Start of Excerpted data

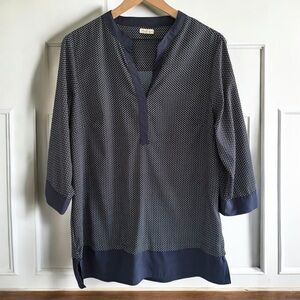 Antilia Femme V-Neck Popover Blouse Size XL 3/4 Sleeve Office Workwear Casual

End of Excerpted data
Start of Excerpted data

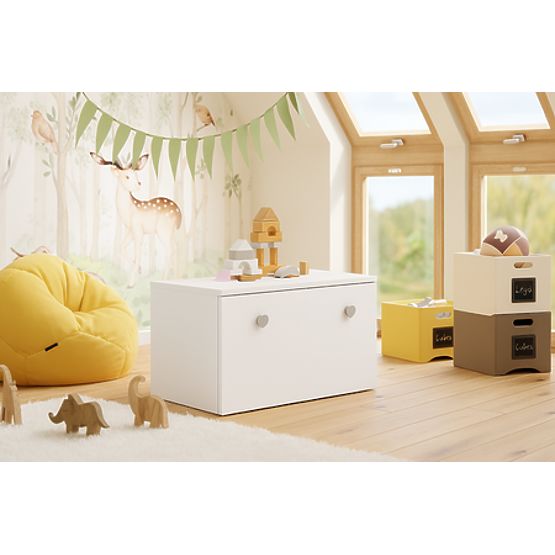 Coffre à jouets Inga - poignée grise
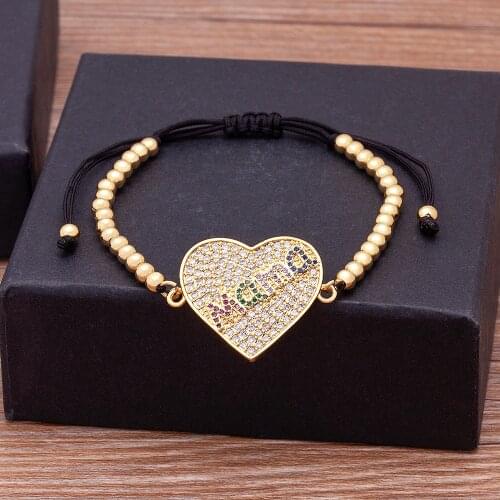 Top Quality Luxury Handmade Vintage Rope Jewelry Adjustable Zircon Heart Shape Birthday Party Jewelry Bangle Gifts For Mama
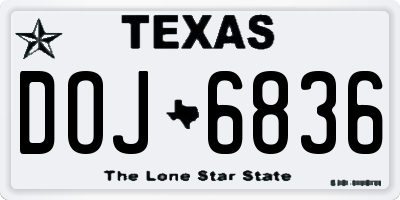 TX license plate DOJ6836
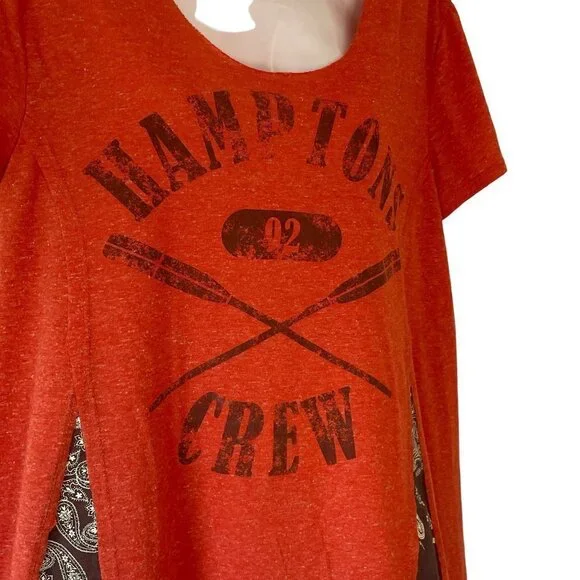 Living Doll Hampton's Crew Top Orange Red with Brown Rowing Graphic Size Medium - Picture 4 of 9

End of Excerpted data
Start of Excerpted data

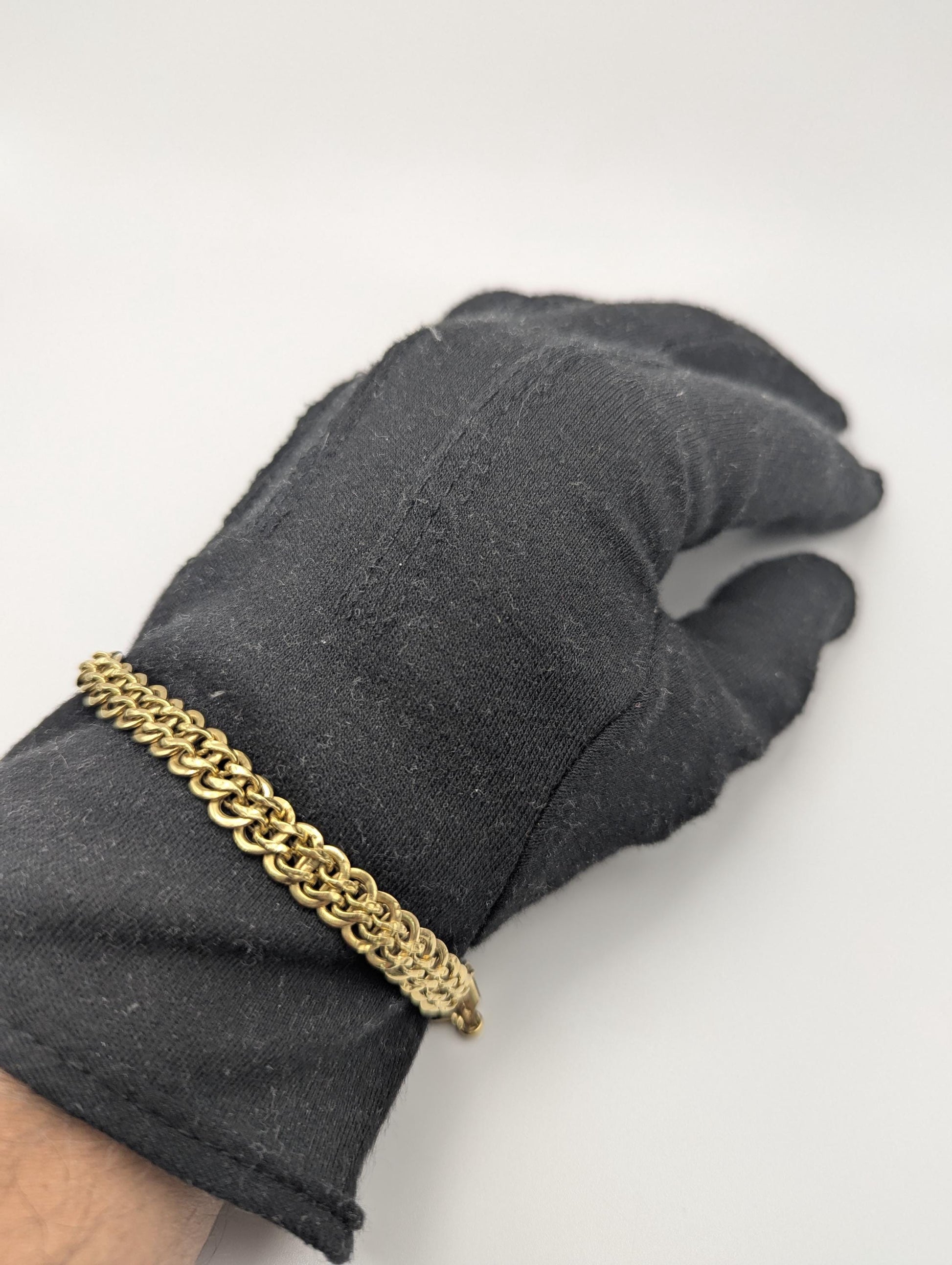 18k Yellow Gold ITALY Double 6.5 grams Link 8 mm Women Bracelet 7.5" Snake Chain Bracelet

End of Excerpted data

Task objective ▸ Print exactly the lines above that run from the one with "Top Quality Luxury" to the one with "Living Doll Hampton's", both included. No pictures.

Answer space ▸
 Top Quality Luxury Handmade Vintage Rope Jewelry Adjustable Zircon Heart Shape Birthday Party Jewelry Bangle Gifts For Mama
 TX license plate DOJ6836
 Living Doll Hampton's Crew Top Orange Red with Brown Rowing Graphic Size Medium - Picture 4 of 9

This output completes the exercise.